Exercise instructions: In the records below, find the line that contains "CSF criteria for" and the line that contains "Cell infusion day". Set down exactly those lines and every line between them, and nothing more.

Material for this exercise:
Start of Block

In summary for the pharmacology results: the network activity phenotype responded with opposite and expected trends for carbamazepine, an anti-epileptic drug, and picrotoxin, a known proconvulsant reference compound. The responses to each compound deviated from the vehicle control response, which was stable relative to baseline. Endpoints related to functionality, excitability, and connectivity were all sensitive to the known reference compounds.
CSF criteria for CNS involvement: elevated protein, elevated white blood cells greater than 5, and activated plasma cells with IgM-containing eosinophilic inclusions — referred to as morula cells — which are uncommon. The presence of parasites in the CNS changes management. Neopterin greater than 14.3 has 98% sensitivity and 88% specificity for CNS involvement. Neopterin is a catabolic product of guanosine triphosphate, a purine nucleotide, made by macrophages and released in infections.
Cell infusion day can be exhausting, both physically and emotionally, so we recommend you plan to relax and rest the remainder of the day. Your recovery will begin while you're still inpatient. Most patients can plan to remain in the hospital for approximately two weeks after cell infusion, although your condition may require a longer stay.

End of Block
Start of Block

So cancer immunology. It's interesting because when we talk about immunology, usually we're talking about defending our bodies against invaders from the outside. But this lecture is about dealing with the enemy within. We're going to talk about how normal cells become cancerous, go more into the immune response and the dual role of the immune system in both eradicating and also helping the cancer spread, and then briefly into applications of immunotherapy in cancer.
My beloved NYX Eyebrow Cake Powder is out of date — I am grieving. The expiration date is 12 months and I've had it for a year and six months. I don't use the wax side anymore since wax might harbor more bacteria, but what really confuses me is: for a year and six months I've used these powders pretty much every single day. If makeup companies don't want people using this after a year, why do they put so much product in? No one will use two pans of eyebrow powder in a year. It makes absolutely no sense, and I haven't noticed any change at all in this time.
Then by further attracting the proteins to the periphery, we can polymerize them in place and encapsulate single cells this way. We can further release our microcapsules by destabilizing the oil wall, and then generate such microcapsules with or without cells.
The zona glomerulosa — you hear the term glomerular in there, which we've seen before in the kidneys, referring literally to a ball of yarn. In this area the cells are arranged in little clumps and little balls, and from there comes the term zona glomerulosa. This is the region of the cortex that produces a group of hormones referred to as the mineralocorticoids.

End of Block

Task answer:
CSF criteria for CNS involvement: elevated protein, elevated white blood cells greater than 5, and activated plasma cells with IgM-containing eosinophilic inclusions — referred to as morula cells — which are uncommon. The presence of parasites in the CNS changes management. Neopterin greater than 14.3 has 98% sensitivity and 88% specificity for CNS involvement. Neopterin is a catabolic product of guanosine triphosphate, a purine nucleotide, made by macrophages and released in infections.
Cell infusion day can be exhausting, both physically and emotionally, so we recommend you plan to relax and rest the remainder of the day. Your recovery will begin while you're still inpatient. Most patients can plan to remain in the hospital for approximately two weeks after cell infusion, although your condition may require a longer stay.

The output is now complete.